Striking Lonmin workers pull out of talks
Marikana workers have pulled out of peace talks and will only go back if their wage demands are met.
MARIKANA - Striking workers at Lonmin's Marikana mine on Monday pulled out of peace talks, saying they were only willing to go back if their wage demands were discussed.
At least 34 miners died when police opened fire on protesting workers at the mine's North West operation on August 16.
Another 10 people, including police officers and security guards, were also killed in the violence.
Mineworkers said they were disappointed that Lonmin management had not indicated whether or not they would approve their salary request.
Earlier in August, around 3,000 rock drill operators downed tools and refused to return to work until they received R12,500 in wages.
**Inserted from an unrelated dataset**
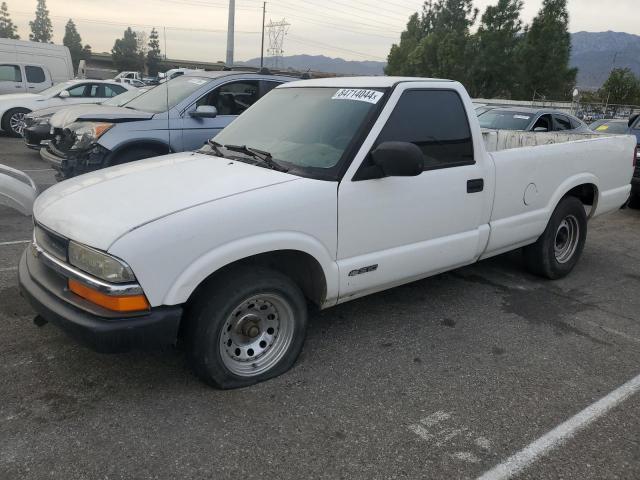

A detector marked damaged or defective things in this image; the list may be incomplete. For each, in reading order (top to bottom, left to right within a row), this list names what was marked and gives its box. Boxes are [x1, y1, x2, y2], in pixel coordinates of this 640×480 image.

dented hood on silver car [48, 104, 155, 128]
broken front bumper on ground [40, 143, 110, 181]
Earlier on Monday, officials from the Labour Department and the Commission for Conciliation, Mediation and Arbitration (CCMA) updated workers about their discussions with mine management.
Talks took place behind closed doors at the Rustenburg Civic Centre.
Officials urged the workers to sign a peace accord.
One miner, Zolisa Bodlani, said that was not an option.
He said workers were willing to remain on strike for as long as it takes.
South African Council of Churches president Bishop Jo Seoka, who has been mediating the talks, said the miners were frustrated.
Talks are expected to continue until Thursday.